自分の被爆体験を次世代に伝える意味
ー語り部の思いとその活動ー


 8月号で被爆体験の中村妙子さんの語りを書きましたが、中村さんの人物紹介が編集側の都合で同時に出せませんでした。しかしこれは中村さんだけの活動でなく、現在行われている平和祈念館の活動でもあります。ここでは8月号と重ねて読んで頂きますようお願いします。



○中村妙子さんの略歴


 生家は西観音町、爆心からの距離1キ囗半。女学校3年生の時に自宅で被爆した。
 学校を卒業して後、中学校の教諭となり音楽科の指導に当たる。
 10年後に退職して、家庭でピアノ教室を開き、35年間続ける。
 1998年より朗読教室、NHK日本語センターで朗読の学習を始めた。
 2004年以後毎年、現在の自宅のある府中町内の公民館や学校、図書館などでボランティア活動として、昔話や紙芝居も含めて被爆体験を話すようになった。
 この頃から自分の体験、今までずっと心に取りついてきた、従兄弟兄弟達の最期を自分の言葉で残すことに取り組む。またその頃の我が家周辺の家並みなどを描いて図面にして残す。
 2007年、被爆60周年国立原爆死没者追悼平和祈念館による「体験記朗読ボランティア」募集に応募して合格。
 2008年、従兄弟たちの罹災状況と遺影を納め、永久保存の登録をする。体験記と朗読テープも寄贈。
 本年より、修学旅行生、学校、各団体等を対象に、被爆体験記の朗読を行っている。


○国立平和祈念館の活動

 中村さんの現在の活動母体である「国立広島原爆死没者追悼平和祈念館」についてふれておく。

 祈念館の詳細はここでは紙面がないので別紙とするが、ここでは被爆者やその遺族の高齢化が進行の中、あの日の体験を世代を越えて心と記憶に刻み込むことの必要性が強く考えられた。

 そのために被爆体験記朗読ボランティアをつくることに取り組んだのが07年。ボランティアの募集に応じて集まっだのは180名。その中で審査会を経て決まったのが、中村さんを含めた41名であった。会では早速その研修会を開き、朗読で人に訴える力を高めることを研鑚した。

 この会の応募者の審査から加わって、以後、朗読研修の講師を務めてきた室積馨さんのお話しでは、180名の応募者から審査をして08年3月に41名を合格としたが、その人たちの年齢は20歳〜87歳と幅広く、その経歴はアナウンサー、レポーター、放送演劇関係に携わってきた経験者から、全く初めてという人までいろいろだった。

 しかし、今は語り継ぐその使命を分かちあう仲間であることを、お互いが強く意識している。
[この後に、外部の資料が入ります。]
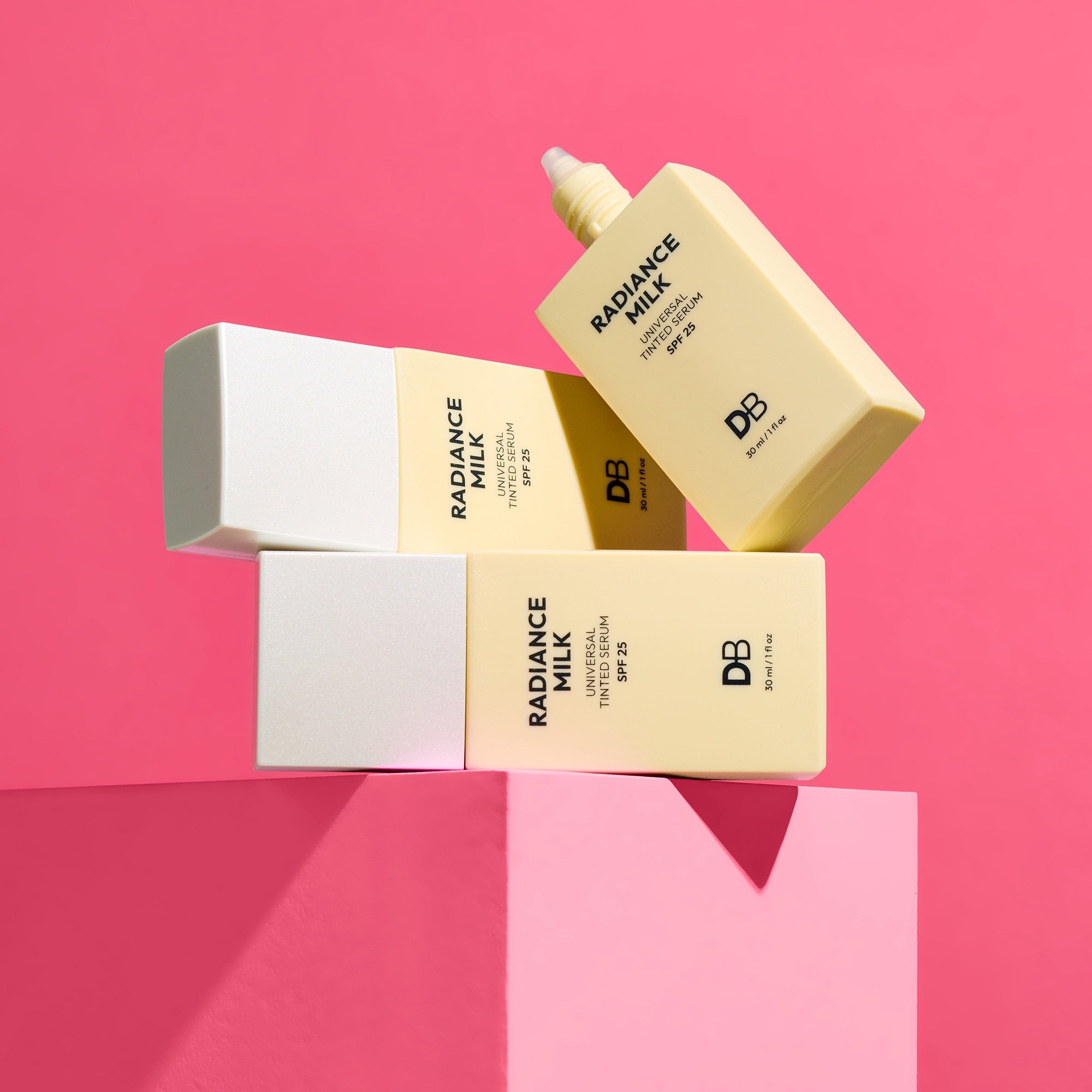 DB Skincare Radiance Milk packaging on a pink background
広島の地からその輪がさらに大きく広がっていくことを見守っていきたい・…と語られていた。

 修学旅行で広島を訪れた東京の高校生がこの朗読を聴いて、強い反応を示し、残して行った感動の文もある。

○中村さんの言葉

 あの囗、たまたま私は運よく助かりました。しかし、従兄弟は骨のかけらでした。近所の人達の多くは、生き埋めになったまま焼け死んだのです。その後の私は、この時悲惨な目にあった人達に対して、申し訳ないという思いに悩まされる日々が続きました。
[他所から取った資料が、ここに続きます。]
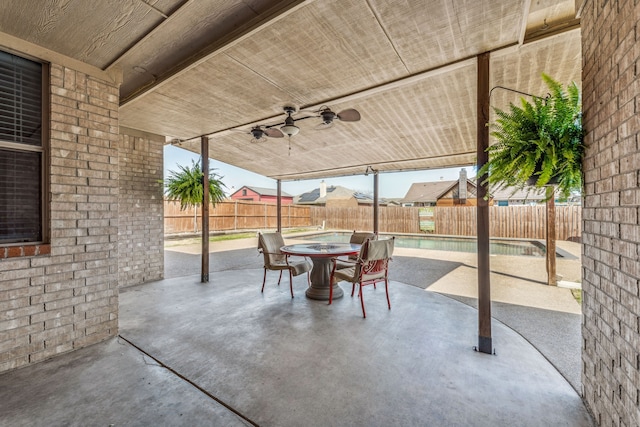 view of patio with a fenced backyard and ceiling fan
 そんな思いの中で取り組んだのが今の体験記の朗読だったわけです。遅まきながら、これをこれからのライフワークにしようと、夢中で勉強しました。

 近頃の私か強く感じることがあります。
 『やすらかにお眠りください、あやまちは繰り返しませんから』こんな言葉があったけれど、あれは一体誰が言ってるんですか。そんなことを責任持って言えるあなたは誰?…空虚なものを感じさせる。いやそれよりも無責任な放言とさえ思えてきます。

 今、世の中の動きを見ているとまたあの不幸な時代に戻るのではないかという不安を感じます。戦争のない世の中になるよう、その為に各自が出来ることをさがしてみる。その中の一つの働きとして私にできることが、戦争体験のない大たちに、あの時の出来事や人の暮らしを知ってもらって、今からの進み方を求める鍵にしてもらいたい・・と、そんなことを願って、取り組んでいます。人生最終段階に来ている私ではあるけれども、できるだけ頑張りたい。それがまた、今後の私自身の生きる支えになると思うのです。